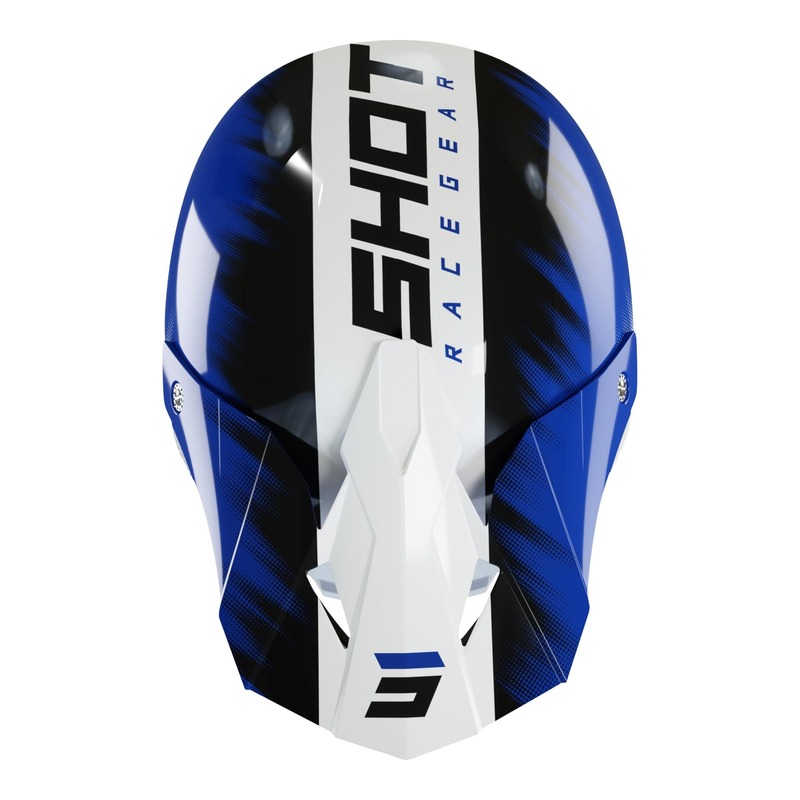 Casquette cross enfant Shot pour casque Furious Versus Kid blanc/bleu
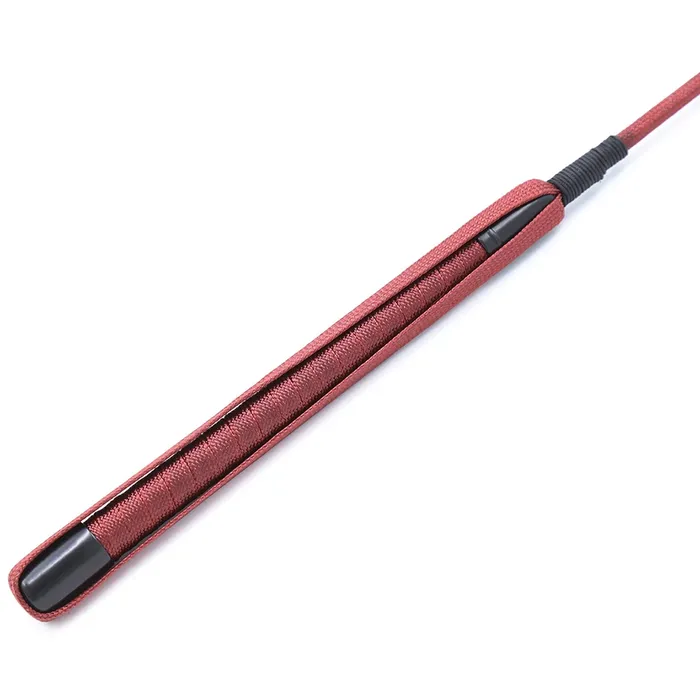 House of Dasein Crops 66Cm Riding Crop Pu Leather Whip Premium Quality Red Equestrianism Horse Whips Restraints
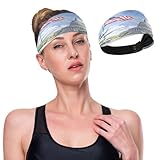 GuoChe Bandera del Capitolio – Diademas deportivas refrescantes para mujer, bandas elásticas para correr, fútbol, voleibol, voleibol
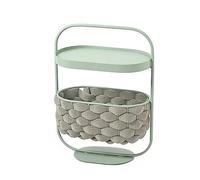 YHxFlux Mesa de Centro Moderna Mesita de Noche, Mesa Auxiliar portátil con Cesta Almacenamiento, también Puede ser una Cama for Gatos para el Dormitorio(Green)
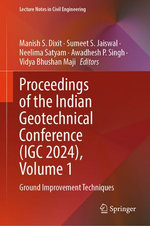 Proceedings of the Indian Geotechnical Conference (IGC 2024), Volume 1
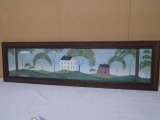 Panoramic Warren Kimble Framed Farmhouse Print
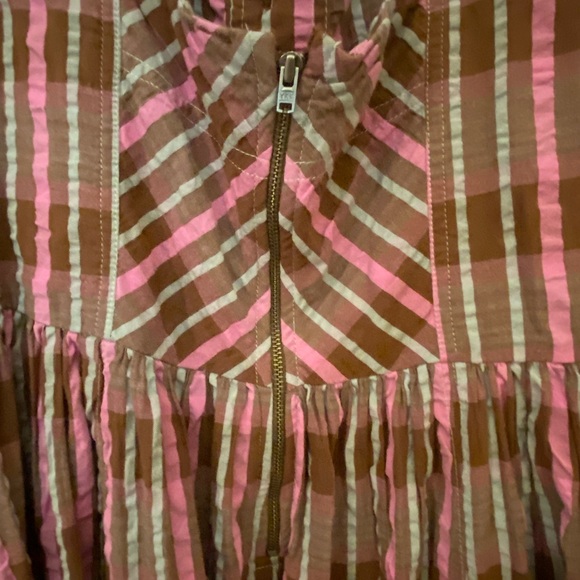 Free People Tulie Plaid Midi Dress - Picture 8 of 10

_ _ _

▶ [Problem to work on]:
Each line from the one containing "Panoramic Warren Kimble" through the last line of the entries above is to be extracted exactly. Pictures are not part of the copy.

▶ [Task output]:
 Panoramic Warren Kimble Framed Farmhouse Print
 Free People Tulie Plaid Midi Dress - Picture 8 of 10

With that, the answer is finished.